-- EXTRACTED MATERIAL follows --

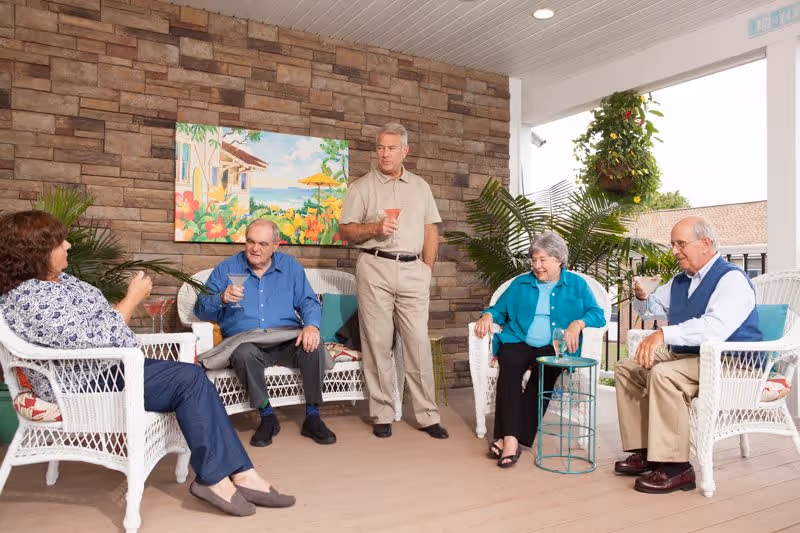 Four elderly people sitting and standing on a covered patio with wicker furniture, holding drinks and engaging in conversation. The patio has a stone wall with a colorful painting, potted plants, and an open view to the outside.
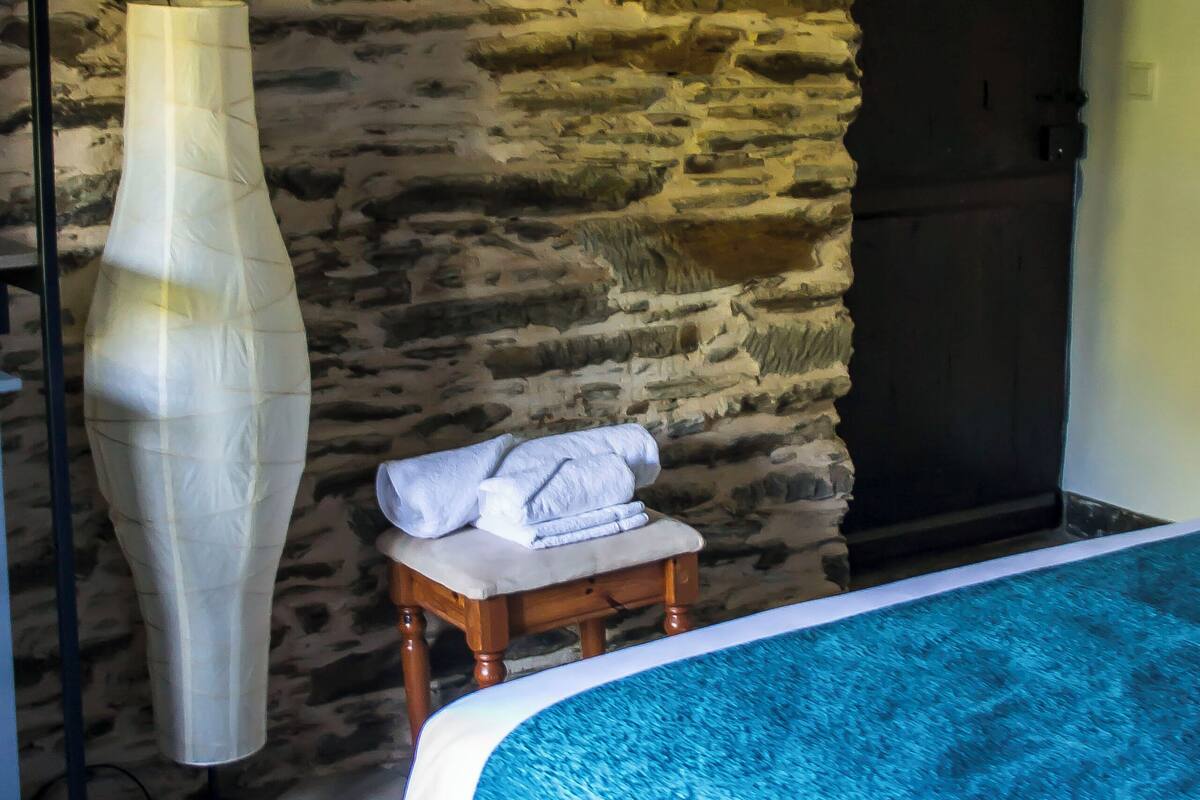 A room with a stone wall, a bed with a blue cover, a bedside table with a towel, and a door.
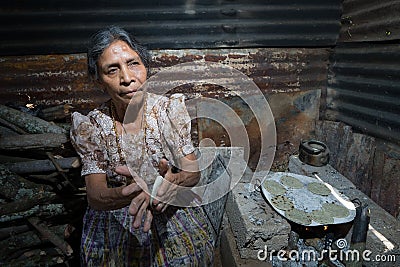 An elderly tzutujil mayan woman cooking Editorial Stock Photo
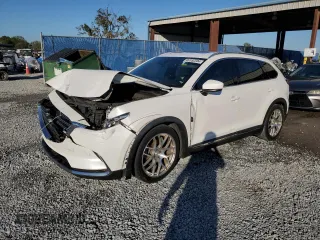 2017 Mazda CX-9 Grand Touring z VIN JM3TCADYXH0127867, wystawiony jako Copart lot #82352204 z przebiegiem 129 349 mil mil oraz Szkoda całkowita • Salvage title. Historia ofert i sprzedaży dostępna na DreamBid. Obrazek 1.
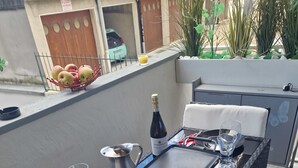 An outdoor dining area with a table set for two, including plates, cutlery, and a bottle of wine.
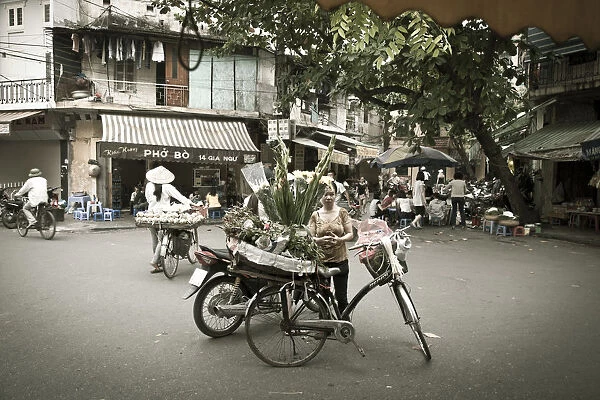 Flower seller in the Old Quarter, Hanoi, Vietnam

-- EXTRACTED MATERIAL concluded --

■ **WHAT TO DO**
Please repeat the records above exactly, leaving every picture out.

■ **FINAL ANSWER**
 Four elderly people sitting and standing on a covered patio with wicker furniture, holding drinks and engaging in conversation. The patio has a stone wall with a colorful painting, potted plants, and an open view to the outside.
 A room with a stone wall, a bed with a blue cover, a bedside table with a towel, and a door.
 An elderly tzutujil mayan woman cooking Editorial Stock Photo
 2017 Mazda CX-9 Grand Touring z VIN JM3TCADYXH0127867, wystawiony jako Copart lot #82352204 z przebiegiem 129 349 mil mil oraz Szkoda całkowita • Salvage title. Historia ofert i sprzedaży dostępna na DreamBid. Obrazek 1.
 An outdoor dining area with a table set for two, including plates, cutlery, and a bottle of wine.
 Flower seller in the Old Quarter, Hanoi, Vietnam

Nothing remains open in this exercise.